The project consists on building a Shiny application that is capable of predicting the next word the user would enter, based on the words entered previously. In this report I demonstrate how to load the data, followed by an exploratory analysis and cleaning workflow to end up with a data set that can be used to develop and train a prediction algorithm.
The objective of this project is to develop an application that predicts the next word a person will type based on the words typed previously. The app relies of a prediction algorithm that has been trained with data obtained from blogs, news websites and twitter. While th ultimate goal of the project is to develop an online application using Shiny, this report is limited to loading the data, conducting an exploratory analysis and cleaning the data, in preparation for developing a prediction model.
The training data set contains text obtained from blogs, news and twitter in English, German, Russian and Finnish. In this project we will only consider the data set in English.
Several library chosen to begin with are as below:
library(RColorBrewer)
library(rJava)
library(RWeka)
library(NLP)
library(tm)
library(stringi)
library(ggplot2)
##
## Attaching package: 'ggplot2'
## The following object is masked from 'package:NLP':
##
## annotate
library(wordcloud)
library(RColorBrewer)
library(readr)
library(dplyr)
##
## Attaching package: 'dplyr'
## The following objects are masked from 'package:stats':
##
## filter, lag
## The following objects are masked from 'package:base':
##
## intersect, setdiff, setequal, union
library(tidytext)
library(stopwords)
##
## Attaching package: 'stopwords'
## The following object is masked from 'package:tm':
##
## stopwords
options(mc.cores=1)
#news.con <- file('en_US_news.txt','rb')
news <- read_lines('en_US.news.txt')#,encoding = 'UTF-8',open='rb')

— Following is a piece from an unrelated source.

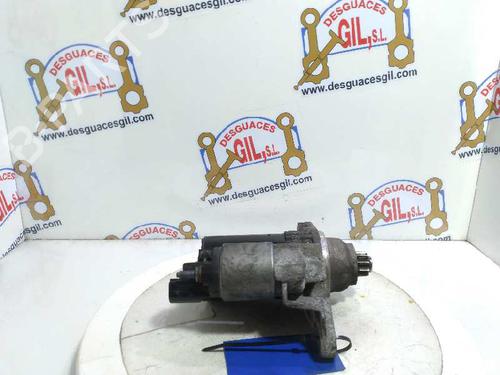 Starter SEAT IBIZA III (6L1)  | BP20735024M8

#blog.con <- file('en_US_blogs.txt','rb')
blog <- read_lines('en_US.blogs.txt')#,encoding='UTF-8')
#twit.con <- file('en_US_twitter.txt','rb')
twitter <- read_lines('en_US.twitter.txt')#,encoding='UTF-8')
#closeAllConnections()
We’ll check how many lines and characters each data set has and and how much memory each data set requires.
stri_stats_general(blog)
## Lines LinesNEmpty Chars CharsNWhite
## 899288 899288 206824382 170389539
object.size(blog)
## 267758632 bytes
stri_stats_general(news)
## Lines LinesNEmpty Chars CharsNWhite
## 1010242 1010242 203223154 169860866
object.size(news)
## 269840992 bytes
stri_stats_general(twitter)
## Lines LinesNEmpty Chars CharsNWhite
## 2360148 2360148 162096031 134082634
object.size(twitter)
## 334484736 bytes
Our text samples have millions of lines. As a result, we’ll need to take a sampling of each file and use that to conduct some representative statistical analysis.

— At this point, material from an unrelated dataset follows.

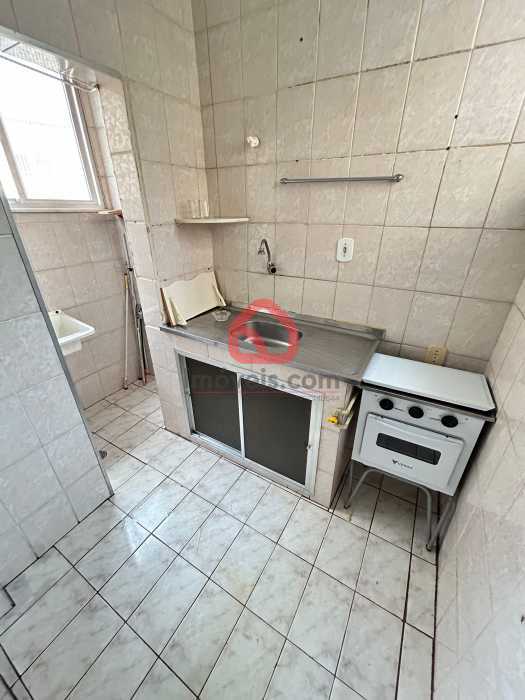 Apartamento, 1 quarto, 32 m² - Foto 5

Here we’ll create samples based on a random selection of lines. We’ll take 1% of each sample. To save memory, we’ll remove the full samples once we’ve done this.
set.seed(500)
blogsamp <- blog[rbinom(length(blog),1,.01)==1]
newssamp <- news[rbinom(length(news),1,.01)==1]
twitsamp <- twitter[rbinom(length(twitter),1,.01)==1]
rm(list=c('blog','news','twitter'))
head(blogsamp,3)
## [1] "Due to the nature of my job (raising children) I find my cleaning standards have slipped somewhat. After a day spent washing up, sweeping food off the kitchen floor, wiping all the surfaces, picking up toys and random objects up off every floor in the house, cooking, looking after my kids, making beds, and hanging washing out, seventeen times over, I have no remaining energy to do any actual cleaning."
## [2] "NIGHT OF THE DRIBBLER"
## [3] "A QUESTION TO ANSWER. Why Isn’t There More Healing? There are many hindrances to receiving healing. We look at just a couple of them."
head(newssamp,3)
## [1] "If Mr. Buffett has a guilty conscience, he can increase donations to charity or simply pay more in taxes. But suggesting we raise the taxes on the wealthy will lead to more problems than it solves."
## [2] "Minnesota at Detroit, 1 p.m."
## [3] "Shakespeare's tragic tale of star-crossed lovers is the only play in Great Lakes history to be staged by all six of the company's permanent artistic directors, beginning with Arthur Lithgow's production in 1963 to Charles Fee's iteration, set in a post-World War I, totalitarian state, currently on stage at the Hanna Theatre."
head(twitsamp,3)
## [1] "Doing some #cufon testing and implementation in #wordpress. What the FOUC d'y'all think of cufon?"
## [2] "YourKoz Games+Find out who this is-$2.00+She concentrates on the calibre and quality of education for Jordanian children & global education"
## [3] "Wearing my 2011 shirt to the #Skrillex show in Indy tonight. Already got a lot of compliments."
To process the data into a form suitable for analysis, we’ll use tidy principles and the tidytext library. We’ll filter twitter handles, hashtages, email addresses, and punctuation from the data, then we’ll add our three samples into one corpus object. Finally, we’ll process the corpus to remove numbers, strip whitespace, convert everything to lowercase, divide longer strings into individual words, and ensure only alphanumeric characters are represented.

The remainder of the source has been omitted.